Tutorial 16: Client-Side Scripting 101

So what is a script anyway?

HTML is, as I've said before, a language used to create hyperlinked text documents, which as a total comprise what is called the World Wide Web. CSS is a language used to control the presentation of these documents. Sometimes, these documents are not static, unchanging texts, but are created by computers on-the-fly. To facilitate this, technologies were developed several years ago that create Web pages dynamically. Programs that do this run on Web servers, and usually use data from some source (e.g. a database) and some user input (e.g. the data submitted via an HTML form), process these, and create output in the form of a Web page.

These kinds of programs differ from other kinds of computer programs in that their output is not sent to a screen, printer or file, but is a Web page. The output of these programs is no different from a static HTML document in any way. In order to write such programs, you have to learn HTML just as if you were designing a static set of documents. The only difference is that these programs automate the procedure.

However, after a while, someone came up with the idea of sticking programs straight into Web pages, so that these Web pages would turn into small applications that run on user's computers. These programs are called client-side scripts, because they run on the client (i.e. the browser displaying the document) as opposed to the server (i.e. the computer offering the document).

Scripts and name-calling

You can write scripts in any language you want, but they will only run on browsers that support that language. This means that, most of the time, you will be restricted to the language JavaScript, which is by far the most widely supported scripting language today. If you don't like it, you're out of luck. Alternatives include Microsoft's VBScript, which works fine but only on Internet Explorer. There are also various other scripting languages, but most of them require a plug-in or special browser to work, and as such are pretty useless on the Web.

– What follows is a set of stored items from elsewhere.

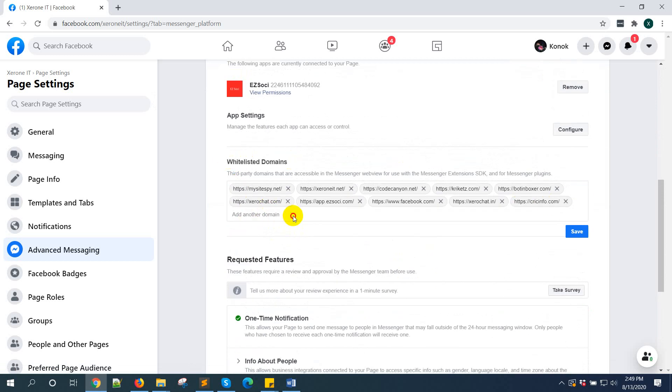Now, add your whitelist domain—the one you want to embed or send the link from in your Messenger. In this case, I am writing https. You must put an https link.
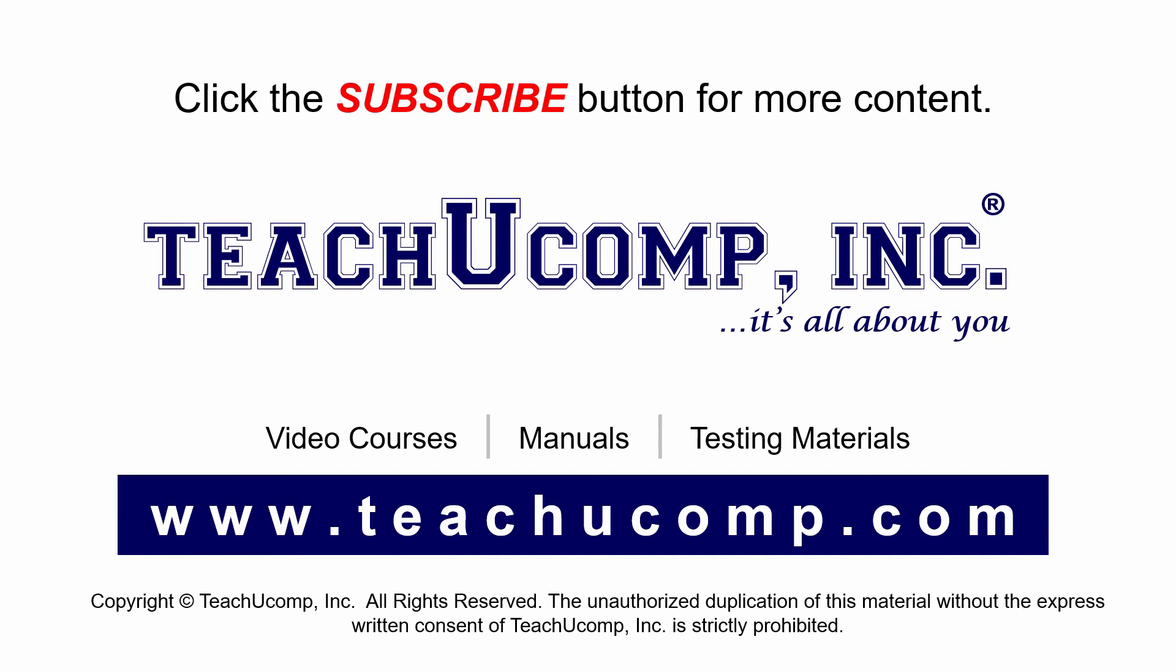Remember to click the Subscribe button to see more of our videos. Get ad free courses at teachucomp.com.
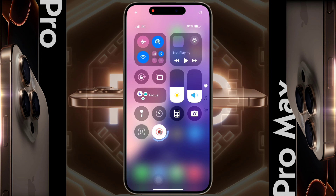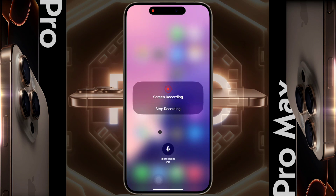If you want to record external sound, long tap on the screen recording icon. A pop-up will appear — from here you can turn the microphone permission on or off.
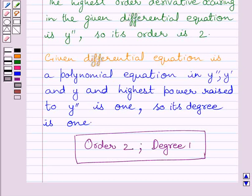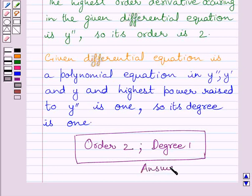Our required answer is: the order of the given differential equation is 2 and the degree of the given differential equation is 1. This completes the session. Hope you understood the solution. Take care and have a nice day.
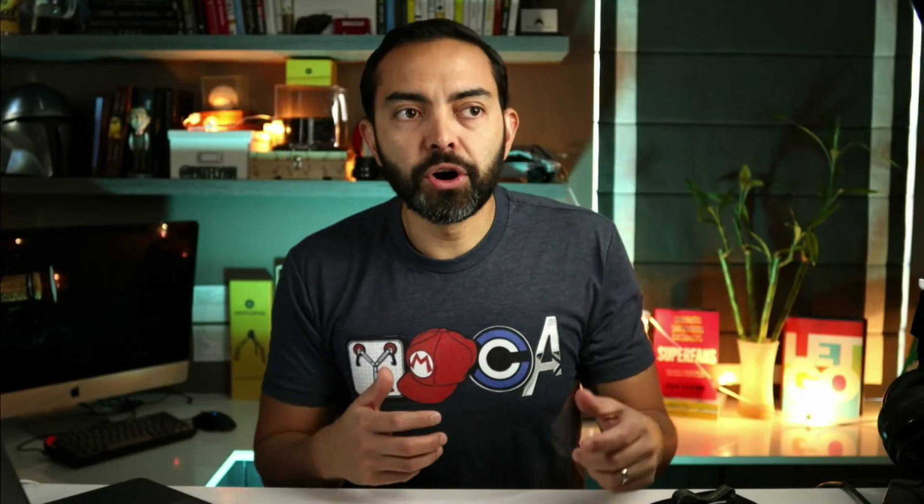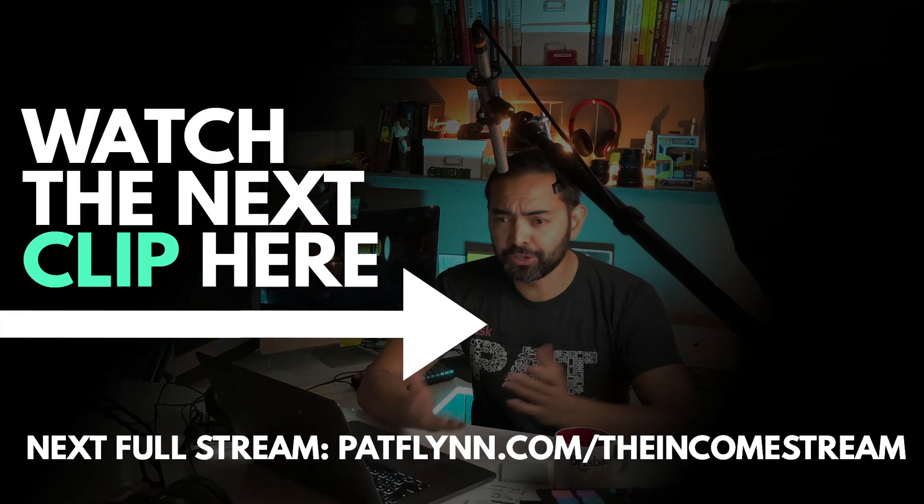What you can do is GlockApps gives you email addresses that you can put on your list, and when you send emails — or even test emails — you'll get a deliverability report. It will tell you: hey, we noticed it didn't get through to Yahoo, AOL, or Gmail — it landed in the promotions tab. Here's what you can do instead, and here's likely why it happened. You can get solid advice from this tool to help you improve deliverability.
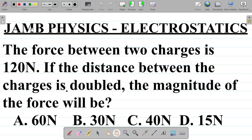Let's look at this JAMB physics question on electrostatics. This is from the second law of electrostatics. The question says: the force between two charges is 120 newtons. If the distance between the charges is doubled, the magnitude of the force will be — option A: 60 N, option B: 30 N, option C: 40 N, option D: 15 N.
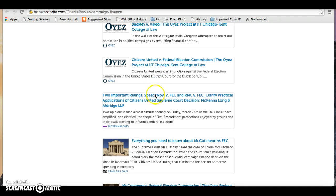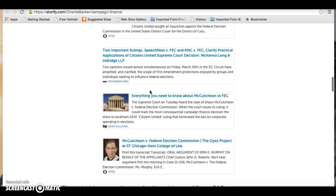The decision that goes with it, SpeechNow.org versus FEC, means that rich individuals are not limited in the amount of money that they can give to a super PAC. A good example of this is Sheldon Adelson in the 2012 presidential election — he gave over $50 million of his own money to a super PAC called Restore Our Future. And that just shows that the floodgates are open and it's spending season in American elections.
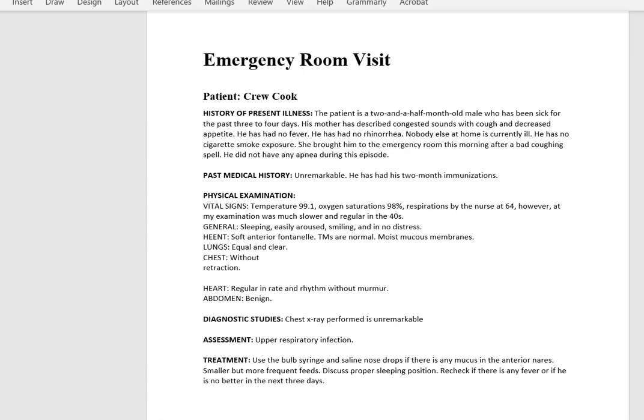In this scenario, our patient comes in — a two and a half month old male who's been sick for the last three to four days. His mother has described congested sounds with cough and decreased appetite. He has no fever, no rhinorrhea, nobody else at home is currently ill, no cigarette smoke exposure. She brought him to the ER this morning after a bad coughing spell. He did not have any apnea during the episode.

Contrary to popular belief, JavaScript has very little to do with the programming language Java. It's called JavaScript because the syntax (the way you write programs) in JavaScript is in some ways similar to that in Java, and because JavaScript occasionally behaves in a way reminiscent of object-oriented languages (if you're not a programmer, you probably don't care what that is), of which Java is a very good example. You could say that JavaScript was inspired by Java, but that's about it. Learning JavaScript won't get you any closer to knowing Java, and vice versa.

Microsoft calls its implementation of JavaScript "JScript," although the two are mostly the same, and usually the term "JavaScript" is used for both. You might also occasionally hear the name "ECMAScript." ECMAScript is a language, or rather a type of language, defined by the ECMA-262 standard, produced by ECMA, the European association for standardizing information and communication systems. ECMAScript evolved from JavaScript and JScript, and aimed to create a standard version of JavaScript syntax. Newer versions of both JavaScript and JScript in Navigator and Internet Explorer claim to conform to this standard. From now on, whenever I say "JavaScript," I mean all of the above. You might also chance upon the phrase "a JavaScript" used instead of "a script written in the JavaScript language." It's not that confusing. Really it isn't.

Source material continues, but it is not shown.